● REQUIRED WORK
In the listing below, find the line containing "Printable Wwe Ticket Etsy" and the line containing "map of restaurants, bars, coffee". Repeat exactly those two lines and every line between them.

Start of Block

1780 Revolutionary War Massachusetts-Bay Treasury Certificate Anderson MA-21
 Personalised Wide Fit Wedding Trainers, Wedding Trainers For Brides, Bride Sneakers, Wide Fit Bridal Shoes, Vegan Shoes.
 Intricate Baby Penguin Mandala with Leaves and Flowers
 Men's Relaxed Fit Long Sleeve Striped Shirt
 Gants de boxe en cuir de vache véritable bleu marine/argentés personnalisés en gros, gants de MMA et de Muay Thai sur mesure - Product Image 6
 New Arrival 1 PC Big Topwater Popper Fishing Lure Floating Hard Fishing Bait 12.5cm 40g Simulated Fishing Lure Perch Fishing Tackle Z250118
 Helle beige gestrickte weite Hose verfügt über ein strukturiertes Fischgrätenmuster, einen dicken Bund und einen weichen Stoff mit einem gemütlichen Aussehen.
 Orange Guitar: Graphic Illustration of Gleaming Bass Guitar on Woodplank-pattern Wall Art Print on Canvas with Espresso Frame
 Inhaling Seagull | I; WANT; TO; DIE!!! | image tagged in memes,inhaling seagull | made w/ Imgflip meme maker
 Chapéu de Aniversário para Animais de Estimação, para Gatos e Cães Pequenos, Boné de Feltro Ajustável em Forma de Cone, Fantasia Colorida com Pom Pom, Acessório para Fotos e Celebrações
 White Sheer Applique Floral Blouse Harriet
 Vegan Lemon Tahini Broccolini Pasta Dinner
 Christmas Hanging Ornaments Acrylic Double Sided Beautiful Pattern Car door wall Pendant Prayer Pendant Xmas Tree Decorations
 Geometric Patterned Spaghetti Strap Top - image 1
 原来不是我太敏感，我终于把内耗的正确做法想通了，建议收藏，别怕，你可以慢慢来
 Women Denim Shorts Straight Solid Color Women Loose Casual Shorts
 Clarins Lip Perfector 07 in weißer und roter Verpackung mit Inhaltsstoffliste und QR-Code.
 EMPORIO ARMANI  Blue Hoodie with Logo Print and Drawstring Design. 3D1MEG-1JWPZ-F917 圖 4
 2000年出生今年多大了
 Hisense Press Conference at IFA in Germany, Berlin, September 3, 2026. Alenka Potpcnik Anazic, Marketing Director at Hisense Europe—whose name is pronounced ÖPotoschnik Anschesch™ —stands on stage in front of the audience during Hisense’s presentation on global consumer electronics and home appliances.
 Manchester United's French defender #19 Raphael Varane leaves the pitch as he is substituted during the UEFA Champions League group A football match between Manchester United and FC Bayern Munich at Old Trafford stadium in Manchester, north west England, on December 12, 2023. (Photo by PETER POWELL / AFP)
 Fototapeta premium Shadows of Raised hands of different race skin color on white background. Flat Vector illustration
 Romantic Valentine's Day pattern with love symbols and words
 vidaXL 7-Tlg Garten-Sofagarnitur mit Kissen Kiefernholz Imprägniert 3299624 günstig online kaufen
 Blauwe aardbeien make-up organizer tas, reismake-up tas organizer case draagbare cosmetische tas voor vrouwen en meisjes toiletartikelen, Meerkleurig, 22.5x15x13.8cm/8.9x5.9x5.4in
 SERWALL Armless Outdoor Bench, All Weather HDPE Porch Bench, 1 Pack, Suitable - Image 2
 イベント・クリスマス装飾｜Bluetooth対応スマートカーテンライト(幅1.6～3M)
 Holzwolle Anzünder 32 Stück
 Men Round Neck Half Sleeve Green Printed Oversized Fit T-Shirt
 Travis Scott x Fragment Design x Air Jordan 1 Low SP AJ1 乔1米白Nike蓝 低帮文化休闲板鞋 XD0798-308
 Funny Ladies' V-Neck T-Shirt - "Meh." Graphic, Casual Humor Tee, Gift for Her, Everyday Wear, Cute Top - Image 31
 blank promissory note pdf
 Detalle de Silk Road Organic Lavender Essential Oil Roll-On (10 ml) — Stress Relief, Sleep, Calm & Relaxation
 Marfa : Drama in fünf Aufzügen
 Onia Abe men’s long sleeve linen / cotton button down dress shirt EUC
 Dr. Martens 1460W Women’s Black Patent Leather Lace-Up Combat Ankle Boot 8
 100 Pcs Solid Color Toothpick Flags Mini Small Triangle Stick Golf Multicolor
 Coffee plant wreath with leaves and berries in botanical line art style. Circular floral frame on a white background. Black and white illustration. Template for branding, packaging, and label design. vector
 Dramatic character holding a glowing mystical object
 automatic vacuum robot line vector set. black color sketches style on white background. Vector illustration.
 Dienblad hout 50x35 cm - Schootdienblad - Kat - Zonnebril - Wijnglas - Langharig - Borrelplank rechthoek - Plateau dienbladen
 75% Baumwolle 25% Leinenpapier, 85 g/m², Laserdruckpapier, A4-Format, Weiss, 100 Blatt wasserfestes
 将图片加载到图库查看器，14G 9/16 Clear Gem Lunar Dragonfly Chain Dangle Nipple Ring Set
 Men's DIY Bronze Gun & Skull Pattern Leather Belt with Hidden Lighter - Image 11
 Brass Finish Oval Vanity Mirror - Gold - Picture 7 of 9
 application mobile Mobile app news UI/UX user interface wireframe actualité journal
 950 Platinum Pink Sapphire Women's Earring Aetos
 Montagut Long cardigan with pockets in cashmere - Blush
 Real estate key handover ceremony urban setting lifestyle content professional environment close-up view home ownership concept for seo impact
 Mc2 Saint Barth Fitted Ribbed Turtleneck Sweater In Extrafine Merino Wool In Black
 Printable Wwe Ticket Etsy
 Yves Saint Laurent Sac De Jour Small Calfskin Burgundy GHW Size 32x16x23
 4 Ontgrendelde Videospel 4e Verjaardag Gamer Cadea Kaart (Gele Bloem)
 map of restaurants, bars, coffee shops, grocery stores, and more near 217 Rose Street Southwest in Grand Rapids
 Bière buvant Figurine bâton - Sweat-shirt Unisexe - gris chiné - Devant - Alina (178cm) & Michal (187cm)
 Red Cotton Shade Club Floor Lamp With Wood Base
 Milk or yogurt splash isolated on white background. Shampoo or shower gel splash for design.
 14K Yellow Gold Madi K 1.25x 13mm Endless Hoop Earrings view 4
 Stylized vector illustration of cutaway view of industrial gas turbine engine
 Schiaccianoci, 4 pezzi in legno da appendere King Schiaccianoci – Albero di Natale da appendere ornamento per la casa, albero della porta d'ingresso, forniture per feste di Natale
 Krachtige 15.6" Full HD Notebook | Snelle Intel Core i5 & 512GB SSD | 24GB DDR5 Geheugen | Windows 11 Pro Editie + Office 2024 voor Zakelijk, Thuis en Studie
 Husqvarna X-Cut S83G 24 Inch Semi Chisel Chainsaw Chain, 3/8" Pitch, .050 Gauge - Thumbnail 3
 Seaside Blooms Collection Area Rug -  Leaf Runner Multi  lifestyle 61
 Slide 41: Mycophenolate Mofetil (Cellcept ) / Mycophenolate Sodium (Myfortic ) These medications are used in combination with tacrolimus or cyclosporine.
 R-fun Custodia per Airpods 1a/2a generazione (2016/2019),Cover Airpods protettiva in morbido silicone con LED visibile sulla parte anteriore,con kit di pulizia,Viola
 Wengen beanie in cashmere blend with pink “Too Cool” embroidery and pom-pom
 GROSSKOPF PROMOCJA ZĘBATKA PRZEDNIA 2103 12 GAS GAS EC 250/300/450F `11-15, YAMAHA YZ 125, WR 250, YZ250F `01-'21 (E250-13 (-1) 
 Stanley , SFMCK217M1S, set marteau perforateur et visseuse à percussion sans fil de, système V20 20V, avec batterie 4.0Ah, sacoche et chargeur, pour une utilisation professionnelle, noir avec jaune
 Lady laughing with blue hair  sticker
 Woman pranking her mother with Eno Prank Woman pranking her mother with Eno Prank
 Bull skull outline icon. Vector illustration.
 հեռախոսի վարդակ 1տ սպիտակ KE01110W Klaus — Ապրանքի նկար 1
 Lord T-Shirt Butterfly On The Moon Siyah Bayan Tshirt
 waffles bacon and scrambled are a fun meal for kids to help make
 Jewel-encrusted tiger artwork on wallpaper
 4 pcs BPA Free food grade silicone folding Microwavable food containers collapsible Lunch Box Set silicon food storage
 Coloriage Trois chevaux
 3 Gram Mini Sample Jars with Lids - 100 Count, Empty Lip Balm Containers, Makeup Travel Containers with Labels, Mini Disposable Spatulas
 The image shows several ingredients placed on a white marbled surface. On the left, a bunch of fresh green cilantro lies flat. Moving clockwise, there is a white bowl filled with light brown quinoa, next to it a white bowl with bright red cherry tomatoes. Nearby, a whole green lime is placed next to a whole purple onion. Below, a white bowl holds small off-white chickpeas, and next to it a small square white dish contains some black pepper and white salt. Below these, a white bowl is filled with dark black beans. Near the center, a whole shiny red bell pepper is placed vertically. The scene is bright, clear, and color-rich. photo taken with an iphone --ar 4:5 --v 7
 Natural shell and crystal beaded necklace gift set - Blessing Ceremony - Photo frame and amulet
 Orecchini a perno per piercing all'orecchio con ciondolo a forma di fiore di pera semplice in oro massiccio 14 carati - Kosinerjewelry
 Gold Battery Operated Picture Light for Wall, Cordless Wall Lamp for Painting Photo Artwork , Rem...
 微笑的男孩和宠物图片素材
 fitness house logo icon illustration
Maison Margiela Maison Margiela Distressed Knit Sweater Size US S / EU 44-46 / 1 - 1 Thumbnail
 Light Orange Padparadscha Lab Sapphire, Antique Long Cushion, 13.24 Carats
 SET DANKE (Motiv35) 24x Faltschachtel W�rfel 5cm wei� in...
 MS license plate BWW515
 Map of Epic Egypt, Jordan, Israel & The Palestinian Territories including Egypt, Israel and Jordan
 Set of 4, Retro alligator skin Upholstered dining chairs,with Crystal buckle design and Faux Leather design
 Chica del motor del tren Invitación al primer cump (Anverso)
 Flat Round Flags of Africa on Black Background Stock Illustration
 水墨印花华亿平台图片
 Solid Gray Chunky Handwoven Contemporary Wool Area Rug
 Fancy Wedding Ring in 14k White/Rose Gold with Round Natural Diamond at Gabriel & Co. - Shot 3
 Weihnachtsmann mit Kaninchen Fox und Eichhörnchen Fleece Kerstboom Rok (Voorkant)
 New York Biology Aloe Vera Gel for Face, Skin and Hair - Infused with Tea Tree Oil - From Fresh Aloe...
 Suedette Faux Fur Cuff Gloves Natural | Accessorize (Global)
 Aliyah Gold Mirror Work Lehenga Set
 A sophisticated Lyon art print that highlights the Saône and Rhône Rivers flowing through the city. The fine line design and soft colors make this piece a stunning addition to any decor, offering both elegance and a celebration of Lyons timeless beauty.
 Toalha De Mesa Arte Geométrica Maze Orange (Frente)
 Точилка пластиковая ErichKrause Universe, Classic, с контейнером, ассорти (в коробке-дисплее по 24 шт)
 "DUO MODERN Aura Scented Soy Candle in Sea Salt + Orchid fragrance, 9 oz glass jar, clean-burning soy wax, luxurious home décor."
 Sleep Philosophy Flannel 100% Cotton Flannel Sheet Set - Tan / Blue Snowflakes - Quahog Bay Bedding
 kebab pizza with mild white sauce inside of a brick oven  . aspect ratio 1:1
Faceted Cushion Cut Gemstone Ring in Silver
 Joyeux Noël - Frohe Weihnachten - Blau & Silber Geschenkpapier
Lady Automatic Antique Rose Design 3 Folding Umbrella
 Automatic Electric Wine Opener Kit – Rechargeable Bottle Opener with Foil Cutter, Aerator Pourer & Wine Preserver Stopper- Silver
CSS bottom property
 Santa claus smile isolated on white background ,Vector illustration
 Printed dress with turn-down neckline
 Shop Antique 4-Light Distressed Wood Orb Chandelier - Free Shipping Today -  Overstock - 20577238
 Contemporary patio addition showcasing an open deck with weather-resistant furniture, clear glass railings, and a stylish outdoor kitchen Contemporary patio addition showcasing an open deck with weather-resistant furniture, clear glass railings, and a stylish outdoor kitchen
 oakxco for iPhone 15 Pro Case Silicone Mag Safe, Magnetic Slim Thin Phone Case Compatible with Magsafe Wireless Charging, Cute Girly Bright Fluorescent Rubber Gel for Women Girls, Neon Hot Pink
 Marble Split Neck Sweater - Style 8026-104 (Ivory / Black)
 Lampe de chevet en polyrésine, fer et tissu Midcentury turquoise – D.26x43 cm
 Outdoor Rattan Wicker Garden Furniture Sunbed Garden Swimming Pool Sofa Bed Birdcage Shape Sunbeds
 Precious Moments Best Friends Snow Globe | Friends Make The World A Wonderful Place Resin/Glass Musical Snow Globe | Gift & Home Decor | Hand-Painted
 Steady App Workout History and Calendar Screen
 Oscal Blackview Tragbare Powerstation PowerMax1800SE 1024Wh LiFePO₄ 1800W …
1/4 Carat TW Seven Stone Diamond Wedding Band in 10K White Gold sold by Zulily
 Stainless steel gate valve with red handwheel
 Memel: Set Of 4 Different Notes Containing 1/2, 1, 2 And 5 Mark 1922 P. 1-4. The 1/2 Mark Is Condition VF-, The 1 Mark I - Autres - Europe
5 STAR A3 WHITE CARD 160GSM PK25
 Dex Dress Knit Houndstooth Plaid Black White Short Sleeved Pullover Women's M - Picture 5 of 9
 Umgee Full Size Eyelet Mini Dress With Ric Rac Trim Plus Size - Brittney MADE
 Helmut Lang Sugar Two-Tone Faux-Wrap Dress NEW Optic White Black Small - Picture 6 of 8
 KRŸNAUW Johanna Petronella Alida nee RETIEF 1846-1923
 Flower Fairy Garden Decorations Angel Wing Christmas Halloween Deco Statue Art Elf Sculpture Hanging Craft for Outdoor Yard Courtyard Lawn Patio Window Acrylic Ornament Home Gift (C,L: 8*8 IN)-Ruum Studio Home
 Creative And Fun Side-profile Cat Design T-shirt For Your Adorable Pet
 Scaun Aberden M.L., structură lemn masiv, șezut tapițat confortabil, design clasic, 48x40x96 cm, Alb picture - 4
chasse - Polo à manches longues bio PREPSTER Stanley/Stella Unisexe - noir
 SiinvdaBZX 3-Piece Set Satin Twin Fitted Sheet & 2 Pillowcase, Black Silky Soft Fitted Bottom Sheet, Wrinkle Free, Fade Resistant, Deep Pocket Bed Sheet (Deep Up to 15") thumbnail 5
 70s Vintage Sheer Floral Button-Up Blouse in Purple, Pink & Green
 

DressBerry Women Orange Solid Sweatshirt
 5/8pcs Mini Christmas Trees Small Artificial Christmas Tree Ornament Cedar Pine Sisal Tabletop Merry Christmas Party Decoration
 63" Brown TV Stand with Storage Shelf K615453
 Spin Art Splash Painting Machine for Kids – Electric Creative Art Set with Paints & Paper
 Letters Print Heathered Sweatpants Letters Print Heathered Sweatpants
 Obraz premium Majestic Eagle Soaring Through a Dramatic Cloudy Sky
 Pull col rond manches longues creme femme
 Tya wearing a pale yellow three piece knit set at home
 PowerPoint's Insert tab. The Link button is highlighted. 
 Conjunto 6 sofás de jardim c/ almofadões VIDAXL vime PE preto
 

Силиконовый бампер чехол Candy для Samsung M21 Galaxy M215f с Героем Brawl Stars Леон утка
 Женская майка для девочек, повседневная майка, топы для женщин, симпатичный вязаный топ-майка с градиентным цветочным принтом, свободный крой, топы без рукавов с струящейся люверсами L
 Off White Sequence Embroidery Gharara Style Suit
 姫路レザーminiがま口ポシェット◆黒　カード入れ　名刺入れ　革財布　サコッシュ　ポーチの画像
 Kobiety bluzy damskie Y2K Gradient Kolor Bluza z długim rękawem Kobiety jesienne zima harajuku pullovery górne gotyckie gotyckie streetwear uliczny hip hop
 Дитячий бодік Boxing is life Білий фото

End of Block

● FINISHED EXERCISE
 Printable Wwe Ticket Etsy
 Yves Saint Laurent Sac De Jour Small Calfskin Burgundy GHW Size 32x16x23
 4 Ontgrendelde Videospel 4e Verjaardag Gamer Cadea Kaart (Gele Bloem)
 map of restaurants, bars, coffee shops, grocery stores, and more near 217 Rose Street Southwest in Grand Rapids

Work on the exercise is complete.